One sliver I do remember is sitting in a hospital, looking through the porthole of a hyperbaric chamber as he sat in a metal room with other sickly-looking people receiving treatment. I remember how fragile he looked.

This morning, while I sat in a waiting room in the main building of MD Anderson watching people walk past, that memory was at the forefront of my mind—but maybe not for the reason you’d expect.

I found myself smiling, thinking about all the times my dad might have sat in the same kind of rooms, waiting for news on his prognosis. In that moment, I felt connected to my dad in a way that brought me peace—comfort I haven’t often felt in my life.

I’ve said I believe in God, and I choose to believe that this wasn’t just a random childhood memory rushing back from some subconscious trigger. Maybe it was something more. Either way, it was the comfort I didn’t know I needed—and I found myself sitting there smiling like an idiot.

I don’t know if it’s just my nature or something else, but as depressing as a cancer hospital can be, I kept catching myself smiling at people, saying hello, trying to make conversation—just being upbeat.

Partially for my own sanity, but mostly for those around me. I don’t know if it made a difference to anyone specifically, but I figure it didn’t hurt. It’s like a prayer. It costs nothing to give, and it might change everything for someone—even if you never know.

One lesson I did learn today: never ask someone, “What type of cancer do you have?” Because if it turns into a competition, nobody wants to win that game. The trophy sucks ass—pun fully intended.

I met with a colorectal specialist named Dr. Yu. She came highly recommended by medical professionals who are much smarter than I’ll ever be.

I had a sense of what to expect, thanks to the prep work my nurse advocate walked me through. So when I found myself on an exam table in the fetal position with a camera “in me,” watching my own tumor on a screen while Dr. Yu explained what was good and what was bad, I couldn’t help but laugh at the absurdity of it all.

Then she started taking biopsies—live, on screen, while I felt it happening in real time. It was the worst interactive movie ever made. Zero stars.

Once I recovered—I’ll spare you those details, though I will say I’m glad I never put much stock in dignity—Dr. Yu told me the cancer was Stage 3 and could be progressing to Stage 4.

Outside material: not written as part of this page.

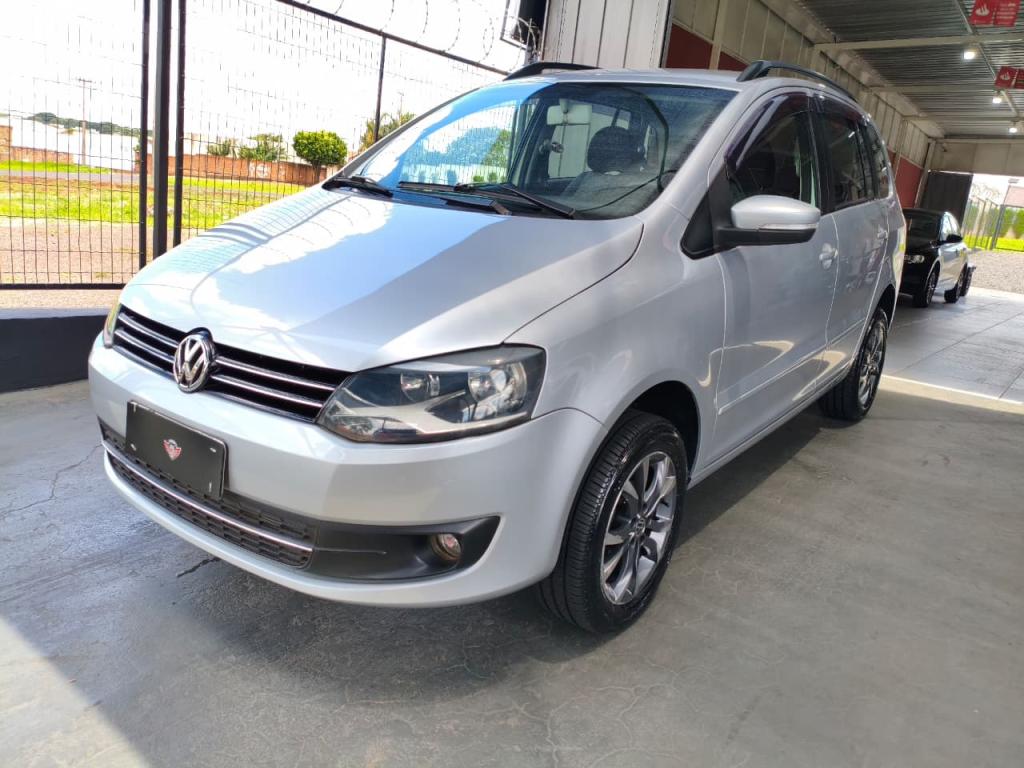 VOLKSWAGEN Space Fox - Foto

That hit harder than any procedure so far. What ran screaming through my brain was the drop in five-year survival rates from Stage 3 to Stage 4—about a 70% difference.

I tried to stay focused. We laid out a treatment plan that’s aggressive but feels hopeful: two months of intravenous chemo, followed by radiation, more chemo (I think), and then surgery.

There were other options, but they involved colostomy bags or experimental treatments that had a zero percent chance of granting superpowers. So, I chose the reasonable path, all things considered.

I took a free shuttle from MD Anderson back to the hotel. During the 10-minute ride—I would’ve walked if I hadn’t just been anally probed for the better part of an hour—while I stared out the window at the passing medical center and talked to God. Mostly about all the things I still want to do before my time’s up.

This evening, back at the hotel, still looking out the same hotel window at that hospital that’s now going to have to save my life soon, I ran back through that list—and I smiled again.

 

Here’s that list:

  1. I really want to go to F1 with Dave and his son in October.
  2. I want to take Dean’s Cobra from Antwerp down to Tivat with Mike and Dean next year.
  3. I really want to see the last Fast & Furious movie with my brothers and Zac.
  4. I’d like to finish my master’s and spend a summer weekend at Ed Skoudis’s beach house talking theology and books.
  5. I’d like to work for Mike Hanley at some point.
  6. I’d like to take Tugboat on a road trip where he doesn’t freak out the entire time—which I assume is an indictment of my driving, according to him.
  7. I really want to take my mom back to Berlin with my siblings before time runs out.
  8. I’d like to play the new Borderlands with my brothers.
  9. I want to see all my nieces and nephews grow into adults.
  10. And while some will roll their eyes at this—I want to see my dev team get through 2025 with the same success we had in 2024.